Project 2: Fun with Filters and Frequencies!
[View Assignment]Part 1: Fun with Filters
Part 1.1: Convolutions from Scratch!
I will be using my profile picture for the convolutions (it will be read as grayscale):
Four For-Loop Convolution Implementation
def convolution_four(im, filter):
H, W = im.shape
h, w = filter.shape
pad_h, pad_w = h // 2, w // 2
im_pad = np.pad(im, ((pad_h, pad_h), (pad_w, pad_w)))
out = np.zeros((H, W))
for i in range(H):
for j in range(W):
val = 0
for m in range(h):
for n in range(w):
val += im_pad[i + m, j + n] * filter[(h-1)-m, (w-1)-n] # get flipped filter index
out[i, j] = val
return out
Two For-Loop Convolution Implementation
def convolution_two(im, filter):
H, W = im.shape
h, w = filter.shape
pad_h, pad_w = h // 2, w // 2
im_pad = np.pad(im, ((pad_h, pad_h), (pad_w, pad_w)))
out = np.zeros((H, W))
filter = filter[::-1, ::-1] # flip filter horizontally/vertically
for i in range(H):
for j in range(W):
patch = im_pad[i:i+h, j:j+w]
out[i, j] = np.sum(patch * filter)
return out
Both implementations handle the boundaries using zero-fill padding, extending the image in both kernel height H and kernel width W by h and w // 2.
Comparison to Built-In Convolution (scipy.signal.convolve2d)

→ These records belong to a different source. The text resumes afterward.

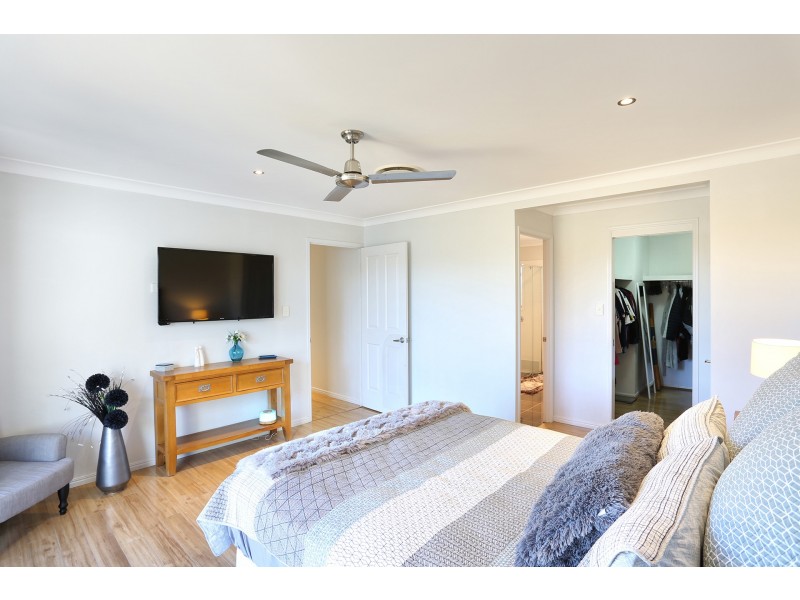 5-7 Westwood Avenue, Woodford QLD 4514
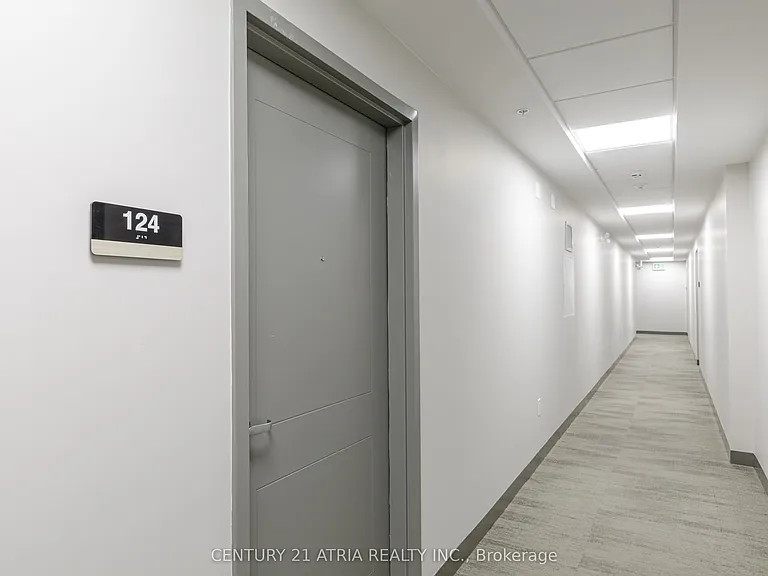 4 Kimberly Ln #124 — Photo 5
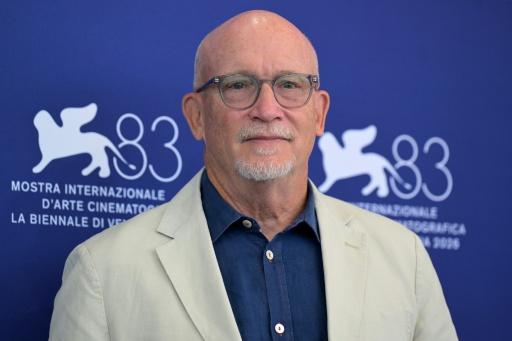 El cineasta estadounidense Alex Gibney en la presentación de "Musk" en Venecia, el 8 de septiembre e 2026 — Tiziana FABI / AFP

Now, I will use my profile image to test my implementations with the built-in convolution function scipy.signal.convolve2d. I will try each convolution method with a box filter, and the finite difference operators \(D_x = \begin{pmatrix} 1 & 0 & -1 \end{pmatrix}\) and \(D_y \begin{pmatrix} 1 \\ 0 \\ -1 \end{pmatrix}\).

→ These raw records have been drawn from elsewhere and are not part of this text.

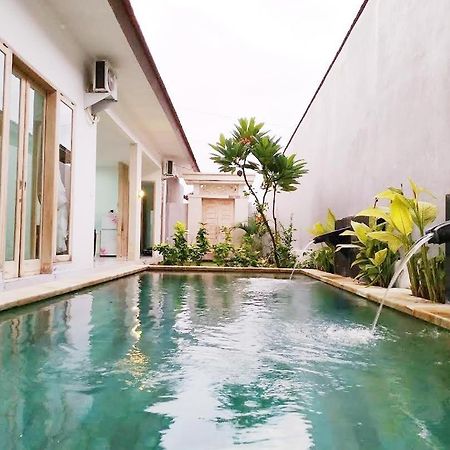 Villa Santika 반자르 외부 사진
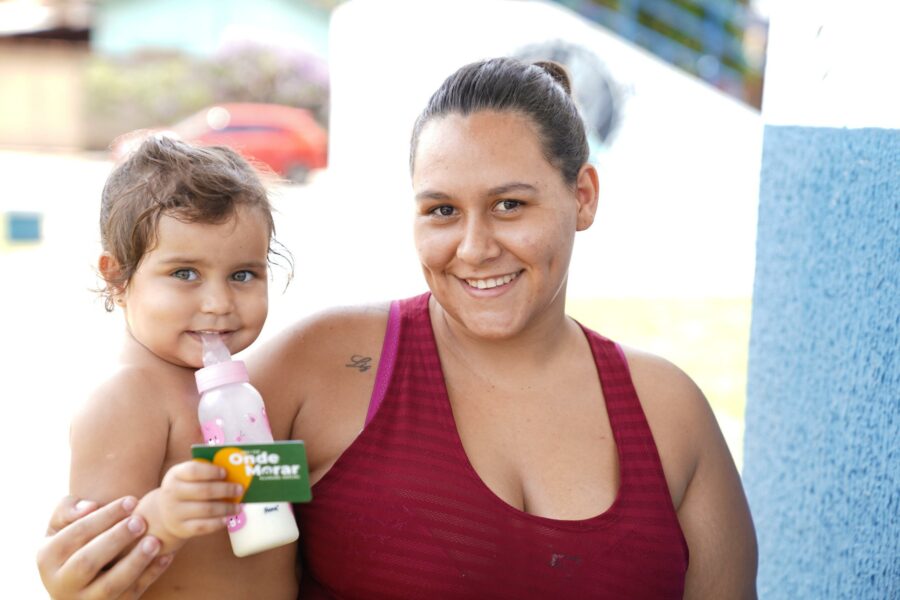 Agehab entrega 50 cartões do Aluguel Social em Rianápolis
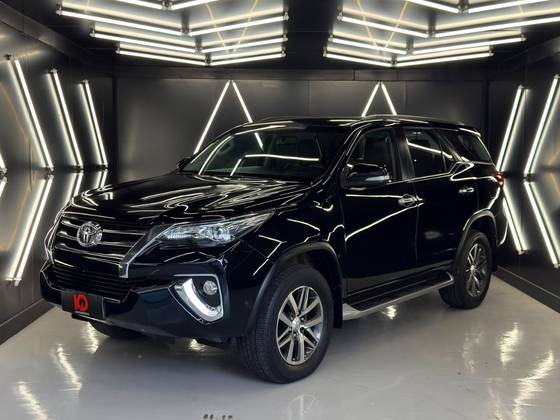 TOYOTA HILUX SW4 2.8 SRX 4X4 7 LUGARES 16V TURBO INTERCOOLER DIESEL 4P AUTOMÁTICO TOYOTA HILUX SW4 2.8 SRX 4X4 7 LUGARES 16V TURBO INTERCOOLER DIESEL 4P AUTOMÁTICO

me_gray = skio.imread(f'./data/me.jpg', as_gray=True)
me_gray = sk.img_as_float(me_gray)
box_filter = np.ones((9, 9)) / 81
Dx = np.array([[1, 0, -1]])
Dy = np.array([[1], [0], [-1]])
start = perf_counter()
conv_four_box = convolution_four(me_gray, box_filter)
end = perf_counter()
print(f'Convolution (four loops) time: {end - start:.4f} seconds')
conv_four_dx = convolution_four(me_gray, Dx)
conv_four_dy = convolution_four(me_gray, Dy)
start = perf_counter()
conv_two_box = convolution_two(me_gray, box_filter)
end = perf_counter()
print(f'Convolution (two loops) time: {end - start:.4f} seconds')
conv_two_dx = convolution_two(me_gray, Dx)
conv_two_dy = convolution_two(me_gray, Dy)
start = perf_counter()
conv_scipy_box = sp.signal.convolve2d(me_gray, box_filter, mode='same')
end = perf_counter()
print(f'Built-In Convolution (scipy) time: {end - start:.4f} seconds')
conv_scipy_dx = sp.signal.convolve2d(me_gray, Dx, mode='same')
conv_scipy_dy = sp.signal.convolve2d(me_gray, Dy, mode='same')
Convolution (four loops) time: 11.0136 seconds
Convolution (two loops) time: 1.6353 seconds
Built-In Convolution (scipy) time: 1.0861 seconds
As expected, the four for-loop convolution is significantly slower than the two for-loop convolution and the built-in convolution. The built-in convolution is faster than the two for-loop convolution, but they are in the same order of magnitude.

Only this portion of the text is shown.